Among those Israel refused to release were Abdullah Barghouti, given 67 life sentences for his role in a string of terror attacks, including at the Sbarro restaurant and Moment Café in Jerusalem, that killed 66 Israelis and wounded 500 others; Mohand Sarim, one of the planners of the Park Hotel bombing in Netanya, which killed 29 Israelis and wounded 64 others on Pessah 2002; and Ra'ad Hutari, convicted of recruiting a number of suicide bombers, including the one who perpetrated the 2001 attack at the Dolphinarium in Tel Aviv, which killed 22 people and wounded 83 others.
At the same time, Israel agreed to release hundreds of terrorists "with blood on their hands," including Nassar Nazal, a senior Hamas operative in Kalkilya who dispatched the suicide bomber who carried out an attack in October 2002 on the Bar-Ilan Bridge, killing one person and wounding 20.
A government source said the criteria for who would be released, even though they had "blood on their hands," and whom Israel refused to release even if they were deported, was based on determinations by security officials regarding who would be more likely to harm Israel in the future, even from abroad.

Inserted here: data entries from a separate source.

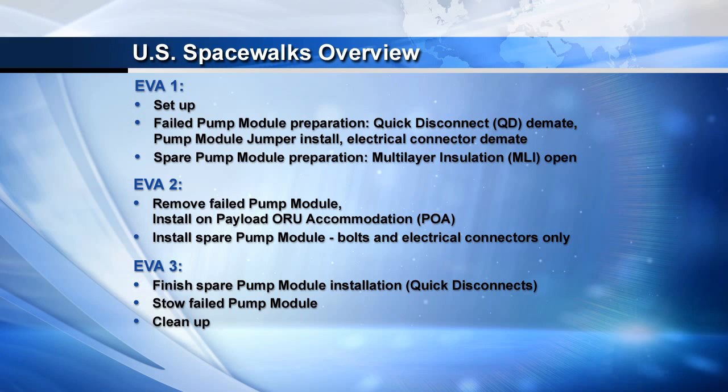On the third and final EVA, we will complete the spare pump module installation, which includes mating the four fluid lines, and then relocating the failed pump module from its temp stow location out to the ESP3 location where the failed came from. With that, we can go ahead and get started with the videos and talk through the tasks.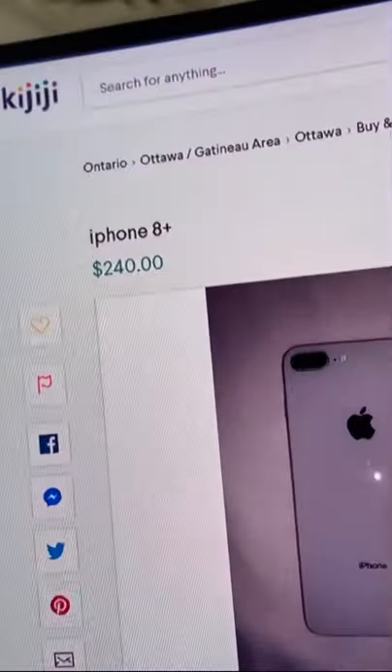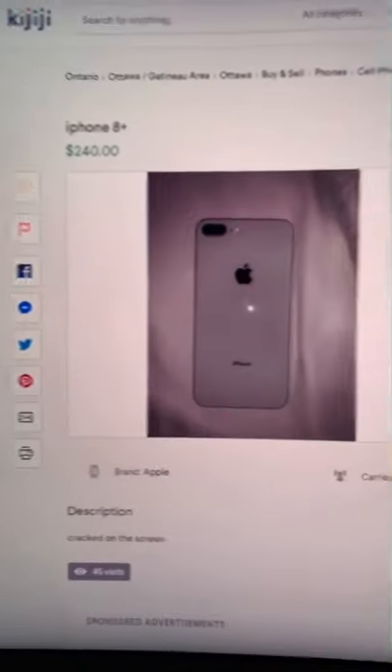We're going phone hunting. We found this iPhone 8 Plus for $240 — the front screen is cracked. We got it down to $180. Let's go pick it up.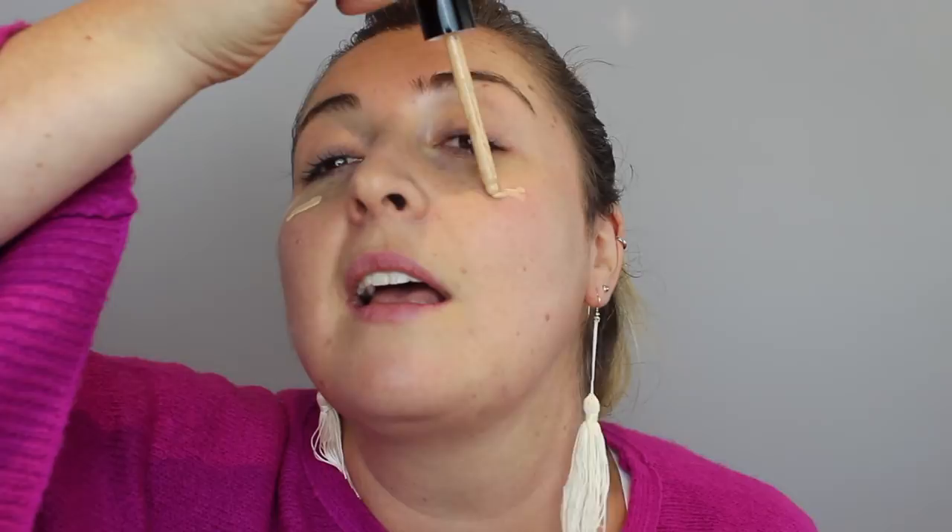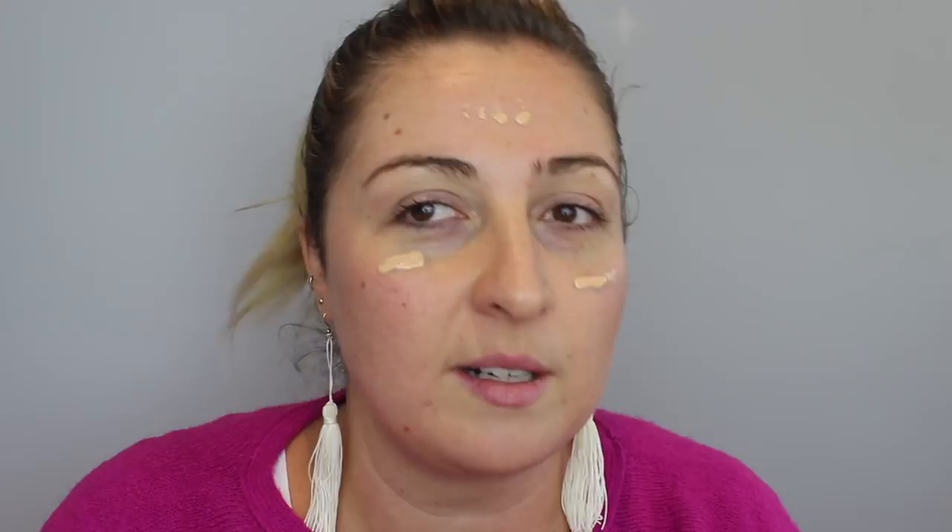I'm going to put some makeup on now. This is Pau Parfaite Flawless from Marcelle — it has 15 SPF in it. I'm a hand makeup person because I like how the warmth of your hand warms up the makeup. This is really good — I don't usually wear really heavy concealer and this is really nice. It has just enough coverage while still letting your skin show through.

"The determination was based on who was a greater risk to come back and haunt us in the future," the source said.
According to government sources, in addition to the disagreement over which prisoners would be released, there was still disagreement with Hamas over Israel's demand that they not return to the West Bank, but either be deported or sent to the Gaza Strip.
A statement released by the Prime Minister's Office after the cabinet meeting said that according to the assessments heard in the meeting by the country's top security officials, "if Israel had released all of the murderers that Hamas was demanding, this would have caused severe damage to national security, including regarding the rehabilitation of strategic terrorist infrastructures and the return of senior 'terrorist engineers' who had planned and put into operation the most murderous terror attacks that Israel has ever known. This would have also dealt a mortal blow to pragmatic elements in the region, whereas the extremists would have been significantly strengthened."
In addition to Diskin and Dekel, the cabinet ministers also heard from Chief of General Staff Lt.-Gen Gabi Ashkenazi and OC Military Intelligence Maj.-Gen. Amos Yadlin.
While the government did not vote on any concrete proposal at the meeting, it did approve the establishment of a ministerial committee, headed by Justice Minister Daniel Friedmann, to propose additional sanctions that Israel could use to "soften" Hamas's demands.
Among the proposals that the committee is expected to discuss, and which are to be brought to Sunday's cabinet meeting, measures to make the conditions in Israeli jails for Hamas prisoners more difficult, including restricting visitation rights, phone and telephone access, and newspaper and television privileges, and perhaps depriving them of electricity at night. The rationale behind this would be to make the conditions facing the Hamas prisoners somehow similar to Schalit's.
"Hamas made demands that no Israeli government would have been able to accept," Friedmann told reporters following the cabinet meeting.